▶ _TASK BRIEF_: The material below is to be copied exactly from the line with "Fendi Baguette Bag" up to and including the line with "The Nike Zoom", with nothing else kept and no pictures.
--- AVAILABLE DATA ---
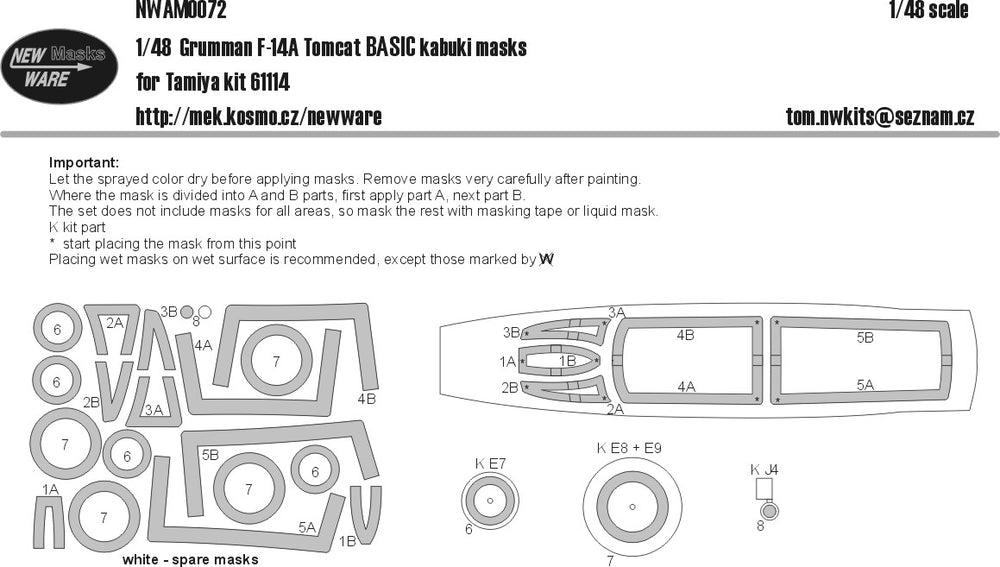 New Ware NWAM0072 1:48 Grumman F-14A Tomcat BASIC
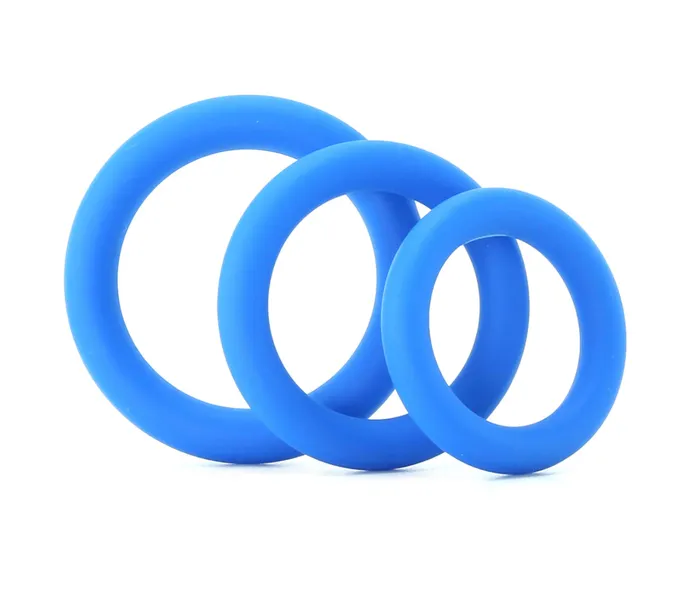 Dildos Erotica Adult Toys Ram Silicone Cock Rings 1 in Blue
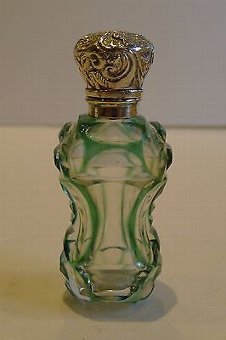 Antique English Green Overlay Glass Perfume Bottle - Sterling Silver c.1890
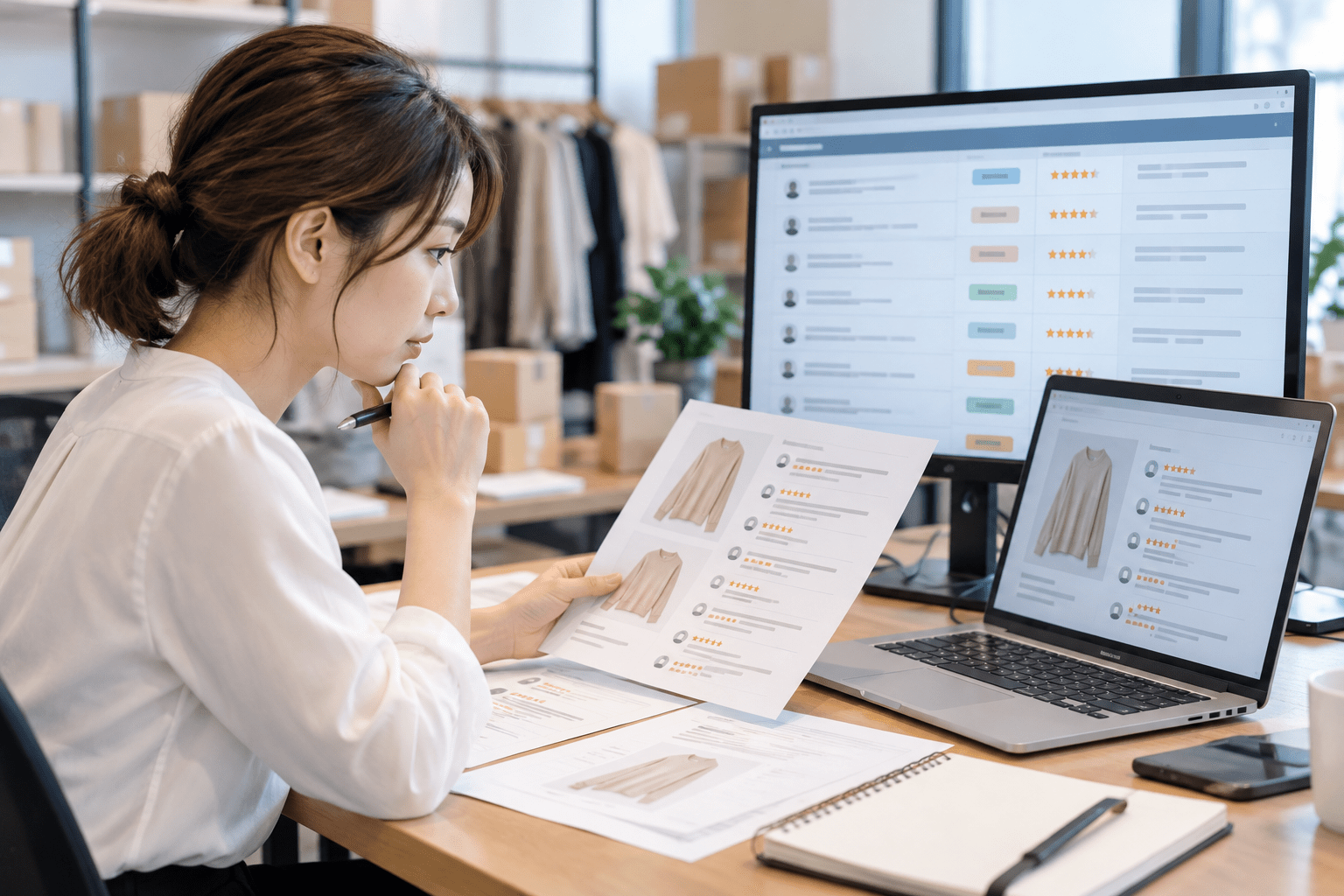 AIで分類した商品レビューと元の投稿を照合するEC担当者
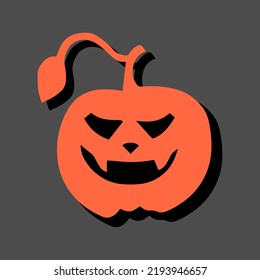 Jack head lantern as sticker, print or single pattern. Halloween illustration of a scary orange pumpkin as poster, wallpaper or single pattern for printing on cards, cloth, textile, package or signs.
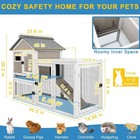 48  L Rabbit Hutch Outdoor Indoor Bunny Hutch Weatherproof  2-story Wood Cage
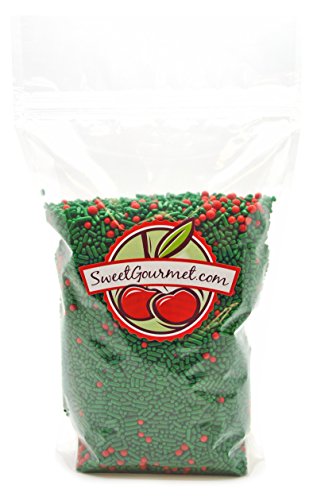 SweetGourmet Holly Berry Mix - Christmas Sprinkles & Nonpareils (12oz)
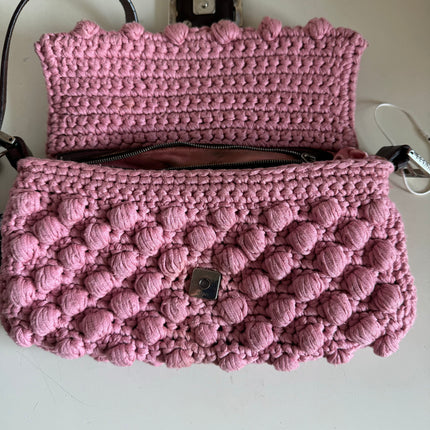 Fendi Baguette Bag Pink Crochet Knit Wool Pompom Shoulder Bag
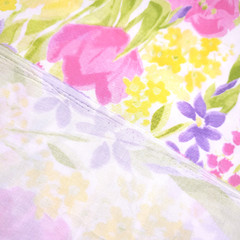 Spring Floral Tulips Multicolor Stretch Cotton Fabric 56″ By The Yard
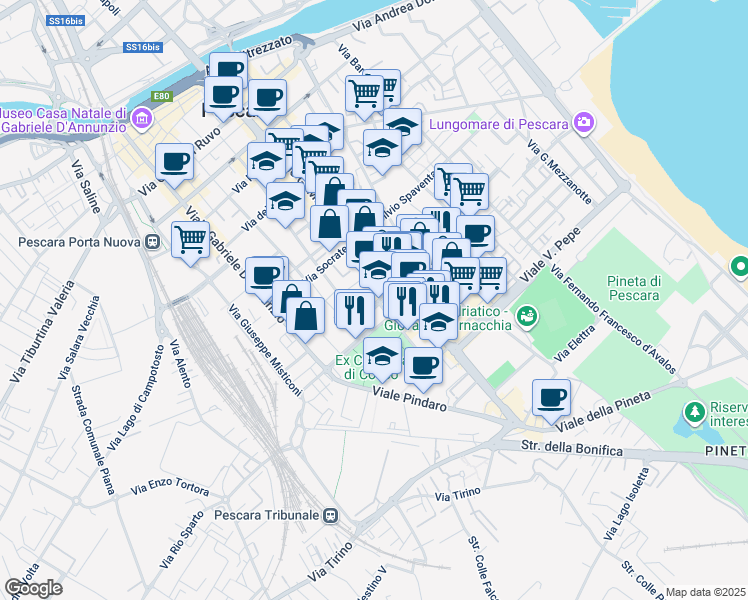 map of restaurants, bars, coffee shops, grocery stores, and more near 224/7 Viale Guglielmo Marconi in Pescara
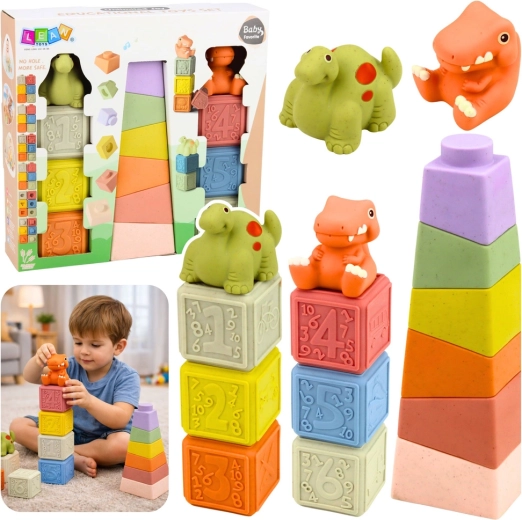 Weiche sensomotorische Gummiwürfel und Pyramide mit Dinosauriern, 14 Stk.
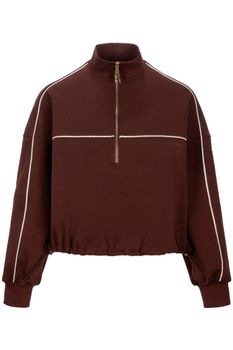 sudadera de scuba con ribetes brown m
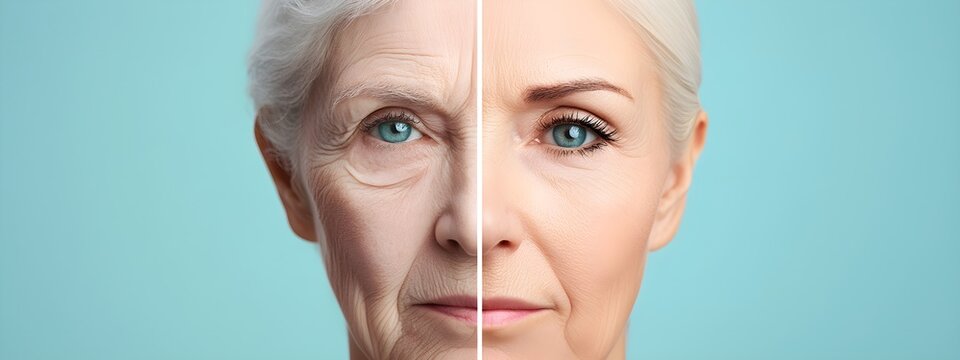 Woman's face split in half showing aging and younger skin. Before and after collage for anti-aging skincare and cosmetic procedures concept.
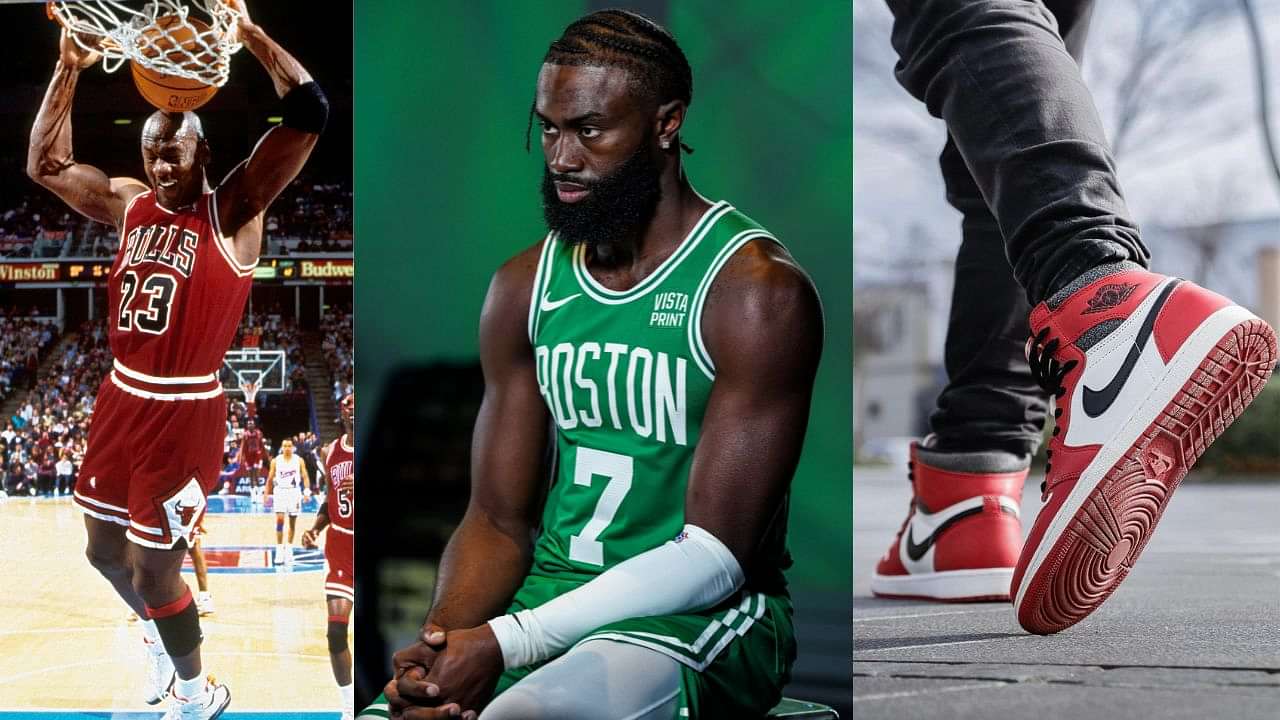 The Nike Zoom shoes of Boston Celtics' Jaylen Brown are seen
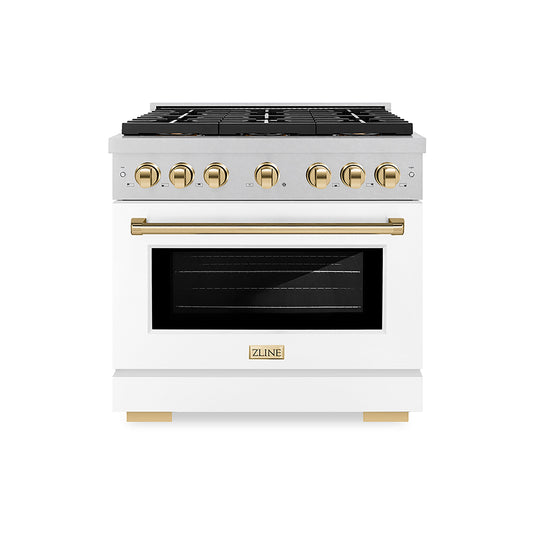 ZLINE 36 in. Gas Range 5.2 cu. ft. 6 Burner DuoPro™ Cooktop Convection Oven Satin Stainless Steel White Matte Door Polished Gold Accents (PSGRSZ-WM-36-G)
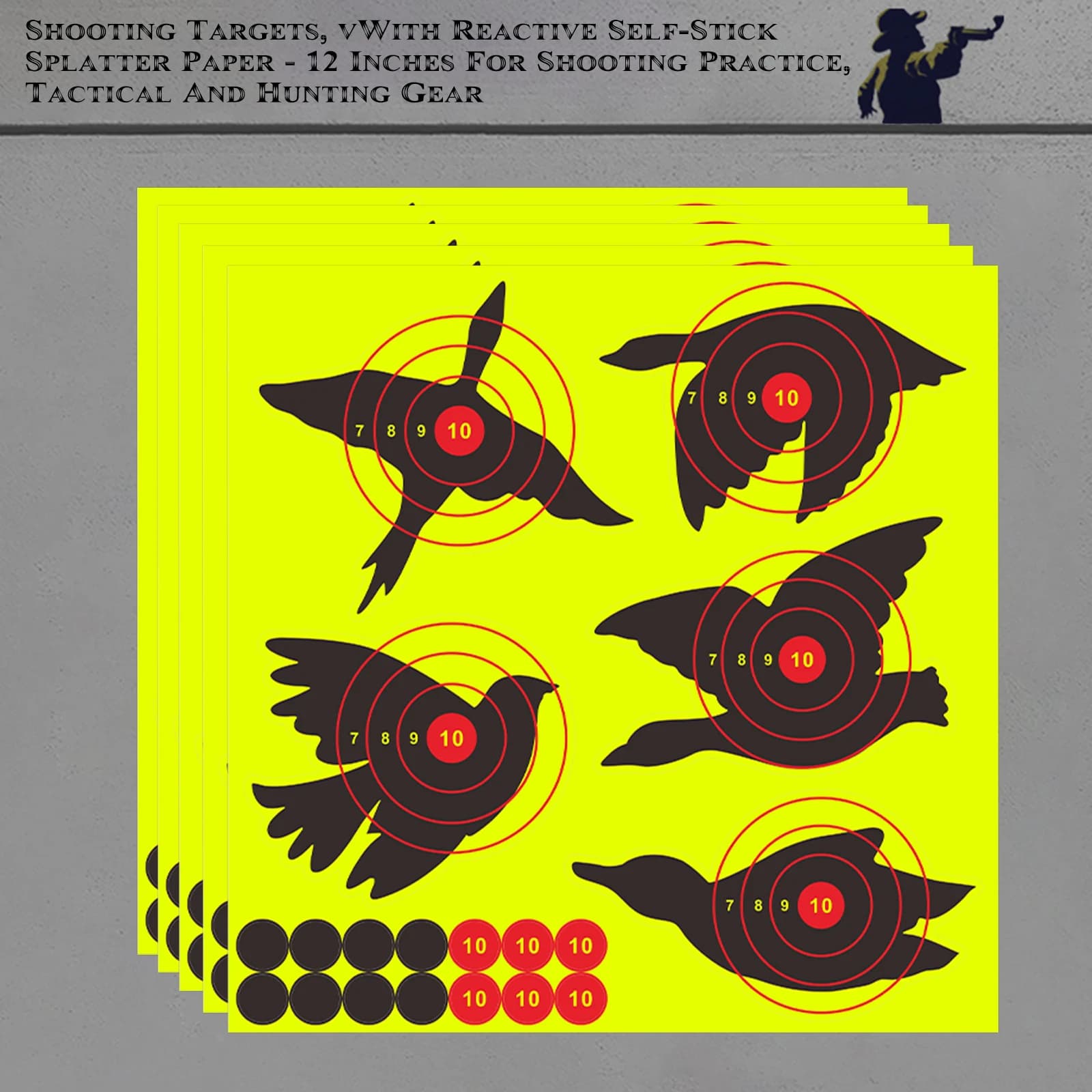5 pieces 12 inches * 12 inches bird-shaped ring can be glued with self-adhesive red concentration target card practice shooting sticker target shooting fluorescent color label (can be used for real gun practice)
---
▶ _ANSWER SECTION_:
 Fendi Baguette Bag Pink Crochet Knit Wool Pompom Shoulder Bag
 Spring Floral Tulips Multicolor Stretch Cotton Fabric 56″ By The Yard
 map of restaurants, bars, coffee shops, grocery stores, and more near 224/7 Viale Guglielmo Marconi in Pescara
 Weiche sensomotorische Gummiwürfel und Pyramide mit Dinosauriern, 14 Stk.
 sudadera de scuba con ribetes brown m
 Woman's face split in half showing aging and younger skin. Before and after collage for anti-aging skincare and cosmetic procedures concept.
 The Nike Zoom shoes of Boston Celtics' Jaylen Brown are seen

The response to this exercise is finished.